Mr Finch drew attention to the information in paragraph 6.4 that the 0.5% decline in long-dated gilt yields since June could increase the liabilities of the Fund by 7-10%. In the three months to the end of June the performance of the Fund had lagged the Local Authority average because of its higher exposure in bonds. Hedge funds had slightly underperformed, but were likely to have helped overall performance during the period since quarter end. The drivers of performance in the period were outside the control of the Committee and the portfolio managers. A Member asked about the prospects for bond rates and their impact on the Fund. Mr Finch said that bond rates were at an historic low and in his view were likely to remain low. The actuary uses bond rates in the valuation so the low level of rates will increase the value of liabilities. The Fund had to fund liabilities for a period of 60-80 years, and, as he had mentioned, the decline in long-dated gilts since June could already have had a significant impact on the liabilities of the Fund. On the other hand, it was now thought that basing pension increases on CPI rather than RPI could reduce liabilities by as much as 1.5% rather than the initially projected 0.5%. In addition, there was a breathing space for the Fund, since contribution rates did not have to be reset until April 2013, by which time European debt problems should have been clarified.

 

A Member said that State Street should have notified the Fund about the large redemptions from their pooled fund. An enhanced indexation fund needed to be of a scale to offset the transaction costs. The Assistant Investments Manager agreed that they should have notified the Fund and their failure to do so would be taken up with them. Mr Finch added that State Street’s broader investment base provided some comfort, but it was necessary to get a better understanding of what they were doing, which was why they had been invited to the next meeting of the Investment Panel.

 

A Member asked about rebalancing bonds against equities.
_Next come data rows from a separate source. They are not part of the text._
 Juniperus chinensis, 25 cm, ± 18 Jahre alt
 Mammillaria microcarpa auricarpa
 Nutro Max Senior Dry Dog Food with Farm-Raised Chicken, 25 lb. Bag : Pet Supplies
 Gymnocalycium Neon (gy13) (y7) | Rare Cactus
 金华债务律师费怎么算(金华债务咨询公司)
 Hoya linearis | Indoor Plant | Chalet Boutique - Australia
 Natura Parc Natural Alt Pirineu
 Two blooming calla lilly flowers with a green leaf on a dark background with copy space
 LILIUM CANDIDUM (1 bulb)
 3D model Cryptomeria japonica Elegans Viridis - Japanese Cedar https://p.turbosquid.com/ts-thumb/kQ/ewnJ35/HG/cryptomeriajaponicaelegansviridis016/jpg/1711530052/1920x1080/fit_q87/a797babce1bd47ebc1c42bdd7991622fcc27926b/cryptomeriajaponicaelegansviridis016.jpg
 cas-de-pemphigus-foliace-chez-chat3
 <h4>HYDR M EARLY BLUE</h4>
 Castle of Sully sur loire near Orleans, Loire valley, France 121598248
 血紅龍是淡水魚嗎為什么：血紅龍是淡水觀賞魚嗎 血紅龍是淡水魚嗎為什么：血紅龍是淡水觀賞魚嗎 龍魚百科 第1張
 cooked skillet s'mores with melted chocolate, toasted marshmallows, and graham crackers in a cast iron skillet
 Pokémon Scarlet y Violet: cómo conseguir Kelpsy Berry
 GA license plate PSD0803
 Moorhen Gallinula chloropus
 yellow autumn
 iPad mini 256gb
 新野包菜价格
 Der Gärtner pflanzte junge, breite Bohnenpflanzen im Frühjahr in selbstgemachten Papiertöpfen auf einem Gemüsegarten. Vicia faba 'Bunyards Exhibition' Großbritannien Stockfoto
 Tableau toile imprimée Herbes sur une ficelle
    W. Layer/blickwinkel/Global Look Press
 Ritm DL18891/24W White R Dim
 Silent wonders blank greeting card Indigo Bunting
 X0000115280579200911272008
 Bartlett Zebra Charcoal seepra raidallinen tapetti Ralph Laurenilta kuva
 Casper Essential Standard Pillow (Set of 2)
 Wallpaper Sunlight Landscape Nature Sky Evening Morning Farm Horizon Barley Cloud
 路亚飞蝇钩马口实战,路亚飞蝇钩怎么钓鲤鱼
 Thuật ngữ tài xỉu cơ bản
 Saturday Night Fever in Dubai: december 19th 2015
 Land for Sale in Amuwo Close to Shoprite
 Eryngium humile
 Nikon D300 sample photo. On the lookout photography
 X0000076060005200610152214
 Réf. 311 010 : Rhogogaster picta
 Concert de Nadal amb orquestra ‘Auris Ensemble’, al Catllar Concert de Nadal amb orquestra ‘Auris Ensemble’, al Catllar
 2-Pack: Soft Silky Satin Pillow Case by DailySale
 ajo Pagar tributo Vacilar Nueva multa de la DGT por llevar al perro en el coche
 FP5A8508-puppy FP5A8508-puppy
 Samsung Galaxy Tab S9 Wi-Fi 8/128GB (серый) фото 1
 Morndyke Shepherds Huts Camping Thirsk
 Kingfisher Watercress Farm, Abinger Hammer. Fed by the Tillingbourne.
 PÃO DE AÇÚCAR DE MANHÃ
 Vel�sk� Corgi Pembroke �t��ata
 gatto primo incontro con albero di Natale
The Investments Manager said that the situation was being carefully monitored; at present the ratio was just under the tolerance level. In such volatile markets it was not sensible to rebalance too soon as this would increase transaction caost.It was likely that rebalancing would take place in due course.

 

The Chair asked how the impact on the Fund of the changes in financial assumptions detailed in section 6 of the report would be communicated to employers. The Investments Manager replied that the finance managers of the employers would be invited to an investment forum.

 

RESOLVED to note the information as set out in the report.